I'm working on a homework assignment to use Flex to create a lexer. The last requirement I have to meet is:
The definition for the identifiers should be modified so that underscores can be included, however, consecutive underscores, leading and trailing underscores should not be permitted.
The given regex is [A-Za-z][A-Za-z0-9]*
. Getting it to recognize underscores was easy, I just added it to the second grouping like [A-Za-z][A-Za-z0-9_]*
. As is, the regex does not match any strings with leading underscores.
While doing my due diligence to make sure I wasn't posting something I didn't need to, I created this regex that seems to work [A-Za-z]([A-Za-z0-9][_]?[A-Za-z0-9])*
. This looks for a letter at the start, then a repeating pattern or alphanumeric character, possible underscore, and alphanumeric character.
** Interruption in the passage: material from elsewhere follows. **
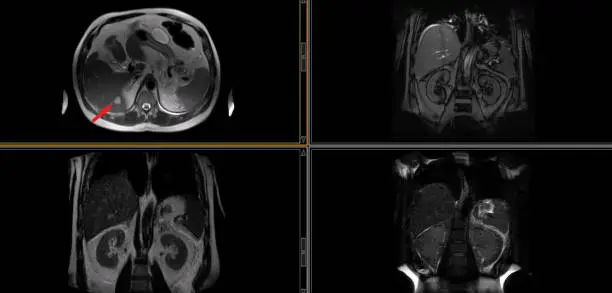 Photo of CT SCAN of Thorax and Abdomen (Computed Tomography- CAT)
While this works, I don't think it is what is expected and was hoping to get some advice on any better ways
I've been testing using the following strings (provided by the instructor):
name_1
name__2
_name3
name4_
In your [A-Za-z]([A-Za-z0-9][_]?[A-Za-z0-9])*
the first [A-Za-z0-9]
can/must be omitted (consider e.g. single letter identifiers), leading to [A-Za-z]([_]?[A-Za-z0-9])*
. That seems to be exactly what was asked, and seems a good exercise to study the effects of combining optional elements under repetition in the regular expression.